You’ve got to shoulder your way away from it all. There’s not enough air. There’s not enough space. You hurry down a side street that may or may not lead you elsewhere. You encounter an armed Austrian soldier, warm in winter kit, forest camouflage, guarding what? A museum and Holocaust memorial on Judenplatz. You pause. The computations take a second. You think: “Still?” But you already know the answer: “Always.” And then you have your Vicktor Frankl moment: “Why?”

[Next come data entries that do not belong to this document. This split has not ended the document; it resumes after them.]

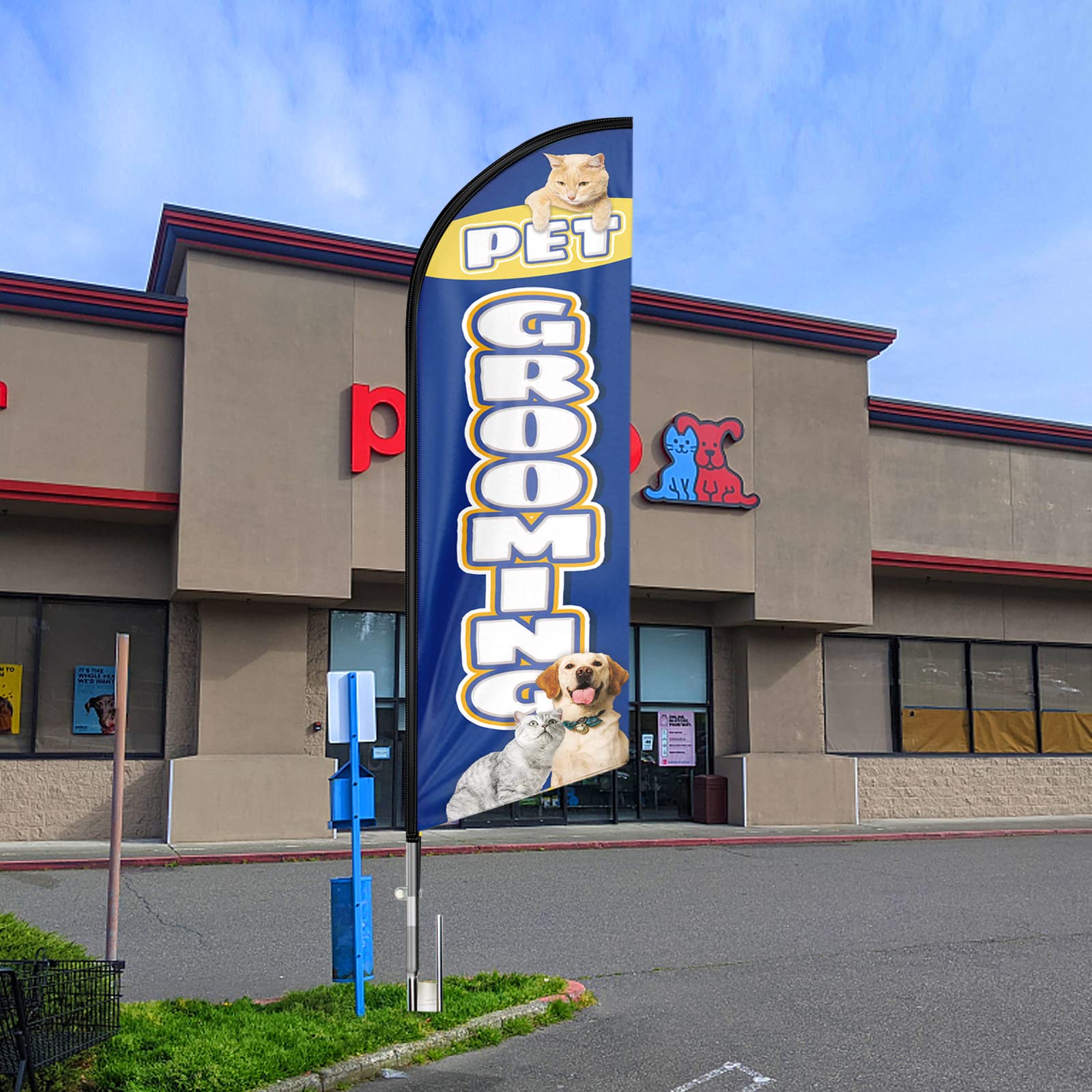 11FT Pet Grooming Feather Flag Kit - Advertising Sign for Pet Stores & Grooming Businesses - Outdoor Use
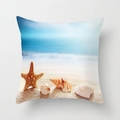 Summer beach starfish seashell pattern square pillowcase for sofa home decor - Beach Ocean Shells (DRD78-5) / 45cmx45cm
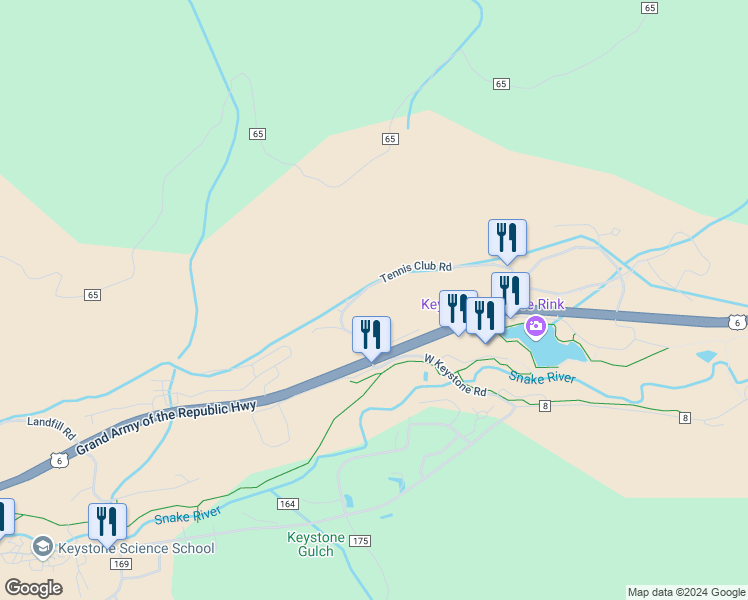 map of restaurants, bars, coffee shops, grocery stores, and more near 0180 Tennis Club Road in Dillon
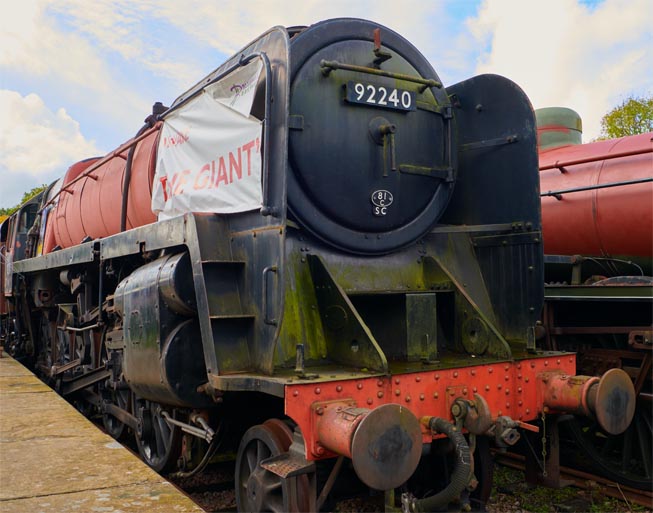 9F 92240 on display awaiting restoration in  Horsted  Keynes station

The Stephansdom spire is the wayfarer’s compass needle. But like a magician’s trick, it has disappeared from the ashen sky. Poof! Just like that. You’re desperate to return to your hotel for a break, to scour away your disgust and despair. You turn this way and that. After a few more wrong turns you find yourself lost yet again but standing outside an Irish pub. A perfectly adequate Plan B refuge. And you smile because a theorem has been proved: Anywhere you go in the rich world, there will be an Irish pub. Ipso facto slainte. Depend on it.
You’ve no idea who Molly Darcy is, was or if she even ever existed. But right now, she’s the woman of your dreams. She’s open for business. There’s a short stack of international editions of The New York Times, yesterday’s papers of peculiar dimension, but so what. There’s a New York Yankees banner on the wall and a New York Rangers pennant too. Curious. There’s no Smithwick’s on tap, but a pint of Kilkenny will do.

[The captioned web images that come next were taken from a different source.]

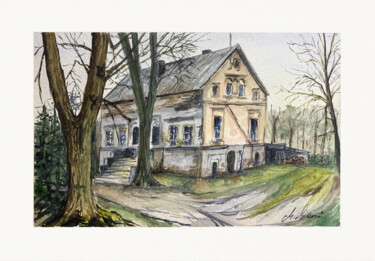 Malerei mit dem Titel "Manor house in Dąbr…" von Maciej Kłosowski, Original-Kunstwerk, Aquarell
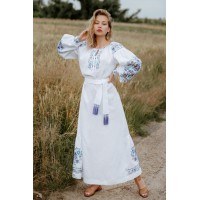 Женское длинное вышитое платье белое, Леля, 48
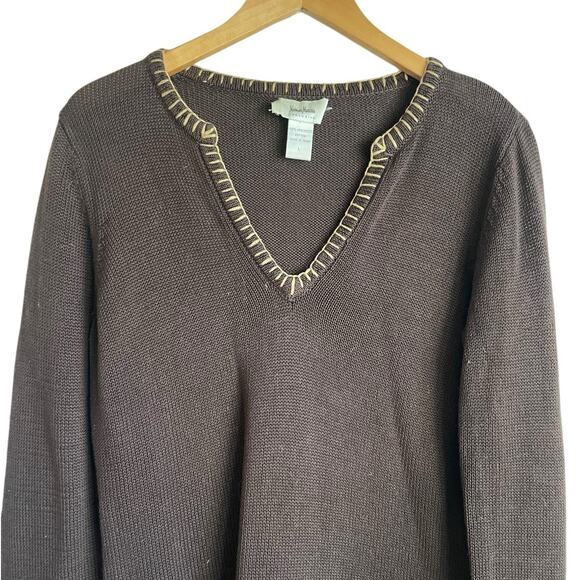 Neimen Marcus Women Tunic Sweater L Brown Embroider Trim Boho Retro Hippie Beach - Picture 11 of 11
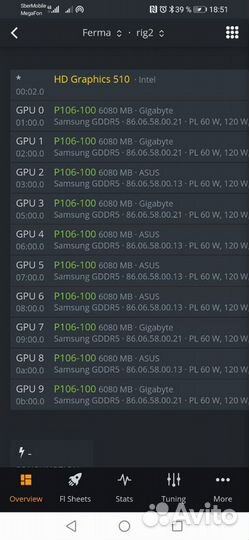 Продам видеокарты P106-100 Samsung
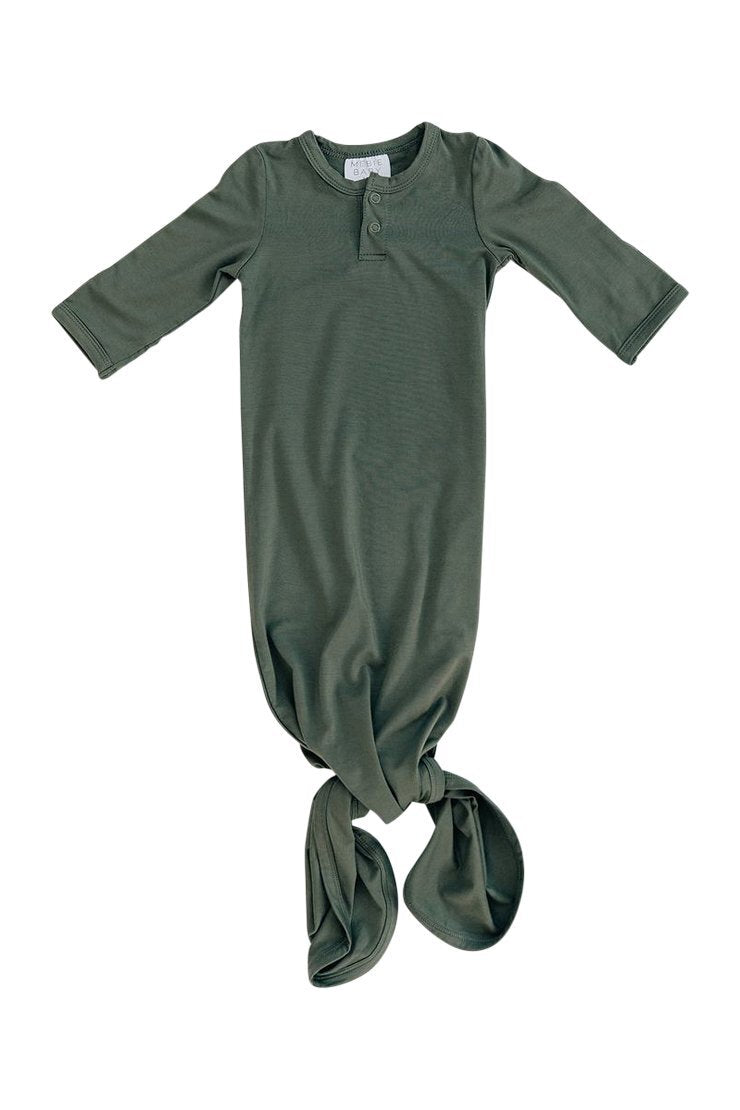 Mebie Baby - Olive Bamboo Knot Gown
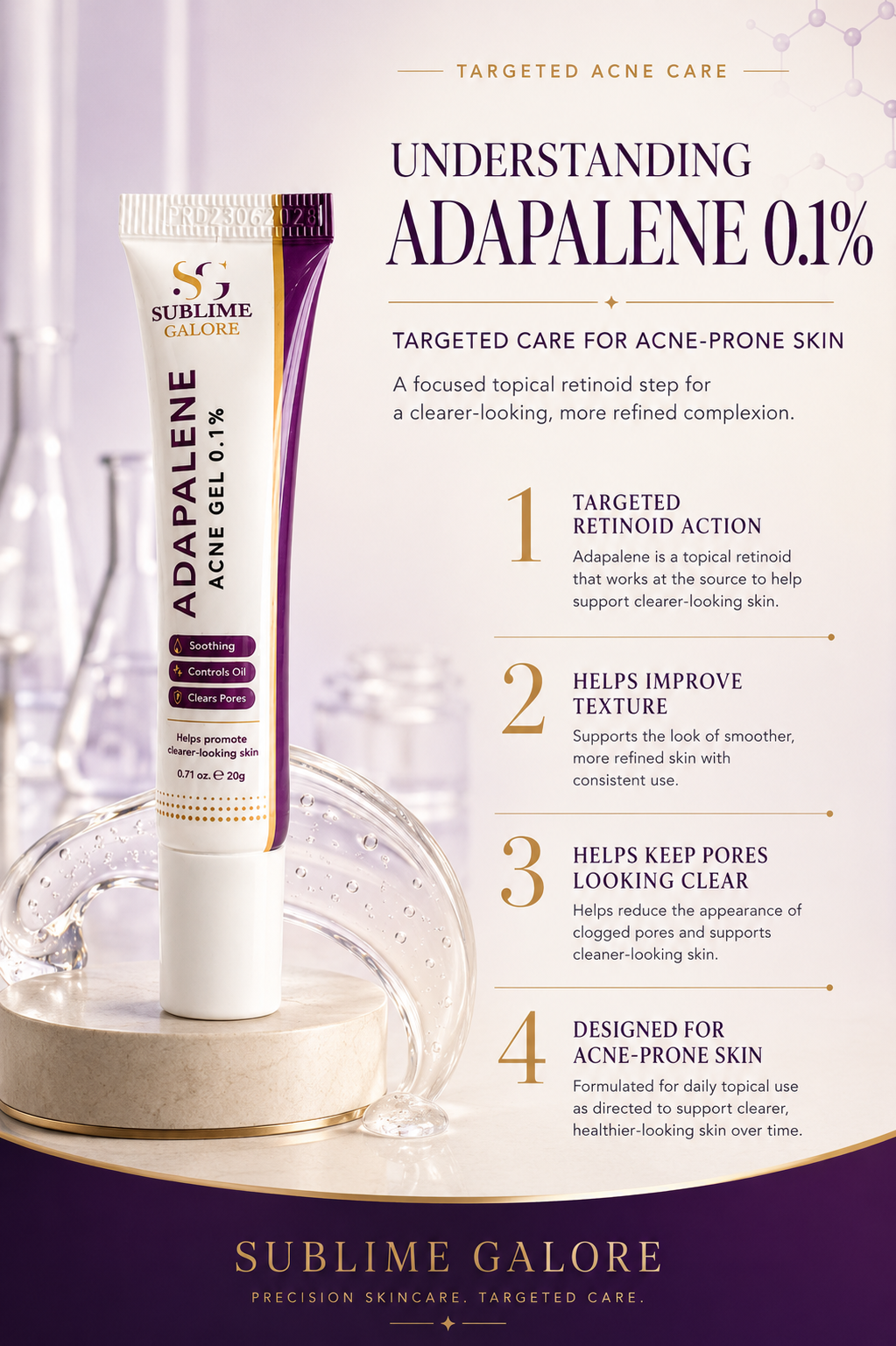 Sublime Galore Adapalene Gel 0.1% – Acne Gel for Acne-Prone Skin 20g - Image 3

All you can think is: “It’s been a shitty morning, but the rest of the day, the rest of the holiday, need not be this way.” The music inside Molly Darcy is soothing. Strictly Memphis and Detroit, Stax/Volt and Motown-Tamla, not the usual Emerald Isle-themed Spotify list as much as you may appreciate Van Morrison. Marvin Gaye is singing “What’s Going On?” and you wonder if the whole wide world has maybe just been having a shitty morning of late. It’s coming on Christmas and the only minor miracle on offer is that it won’t fall on a Monday this year. Faint hope flickers.
Dispatches from the Crooked 9 has been your most unreliable, unbalanced and inaccurate alternative source of everything since 2013. Sunset Oasis Confidential and Of Course You Did are still out there languishing in multiple formats. Nothing says "I love you" at Christmastime like a couple of skinny books by a woefully obscure Canadian author. Visit my companion site www.megeoff.com for links to your preferred retailer.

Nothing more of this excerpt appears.